The African Union Commission continues to discuss with the European Commission the repatriation of illicit money from the continent, an official said.
“There are illicit funds from Africa in European banks. We started discussions with the European Union some years ago to bring back these funds. We find it morally and economically good for the banks to send the funds back,” said the African Union Commission (AUC) chairperson, Dr Nkosazana Dlamini Zuma.
“We can use this money for implementations of Agenda 2063 and advance mother and children’s health in the continent and the like,” she said, Thursday evening at a brief press conference that followed the opening of the annual ‘College-to College Meeting of AUC and European Commission (EC)’.
Africa loses around $50 billion every year through illicit finance flow, which is almost double the Official Development Assistance (ODA) the continent receives, according to the 2015 UN report by a high-level panel on illicit cash transfers, chaired by former Nigerian President Olusegun Obasanjo.

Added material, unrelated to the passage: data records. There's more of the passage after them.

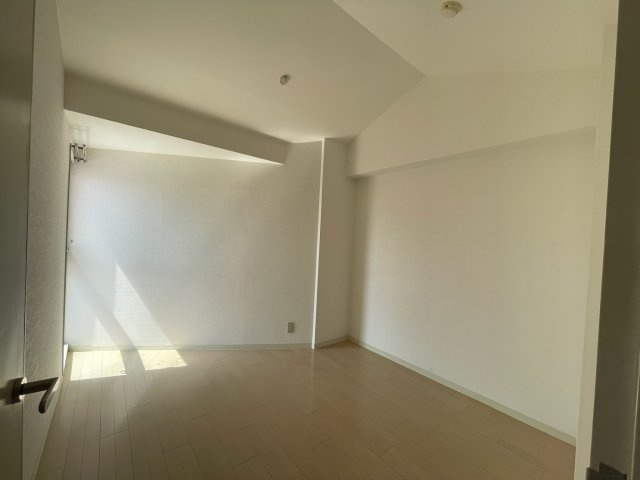 コスタデル明石の洋室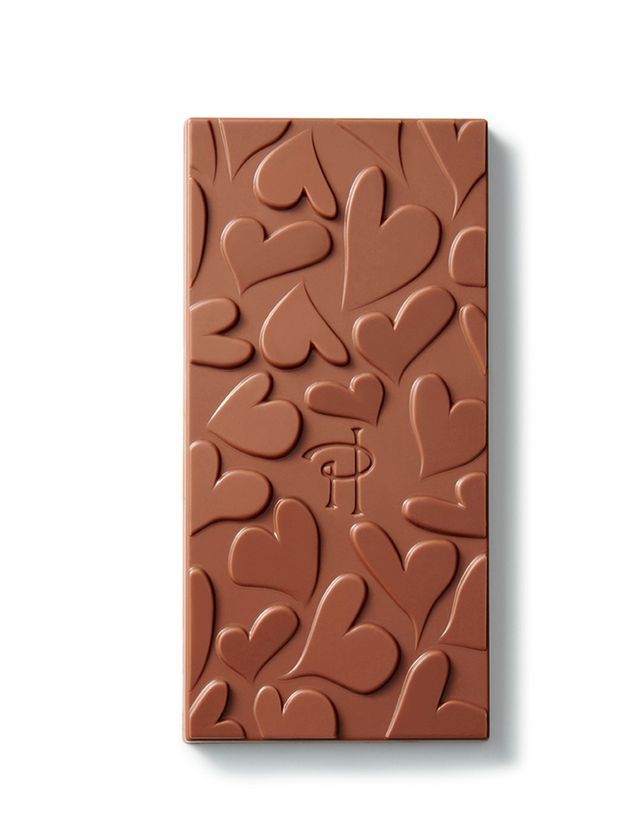 Chocolat Saint-Valentin Pierre Hermé
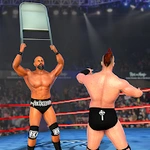 Real Wrestling Tag Champions: Wrestling Games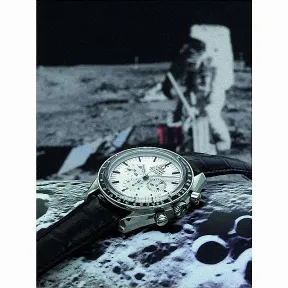 欧米茄/Omega 超霸系列  手动机械 3692.30.31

The two sides also discussed various areas of cooperation, ranging from tackling migration to fighting terrorism, according to Ms Federica Mogherini, the Vice-President of the EC High Representative of the Union for Foreign Affairs and Security Policy.
“Investing in African security is like investing in security of the world… We have been engaged with 35 AU member states on different areas of cooperation with joint action plans. In addition, we are also already engaged bilaterally with 13 of these countries in different projects, including local community support and border management,” Ms Mogherini said.
“It is not a one size fits all approach. With EU trust Fund for Africa, we are financing various projects in the Horn of Africa, Sahel and Lake Chad regions,” she said, stating that EU had already allocated 715 million Euros for such projects.
The discussions were centred around the priority areas of the 2014 - 2017 Roadmap adopted at the Africa-EU Summit in Brussels, Belgium in 2014. They include peace and security, human development, global and emerging issues as well as democracy.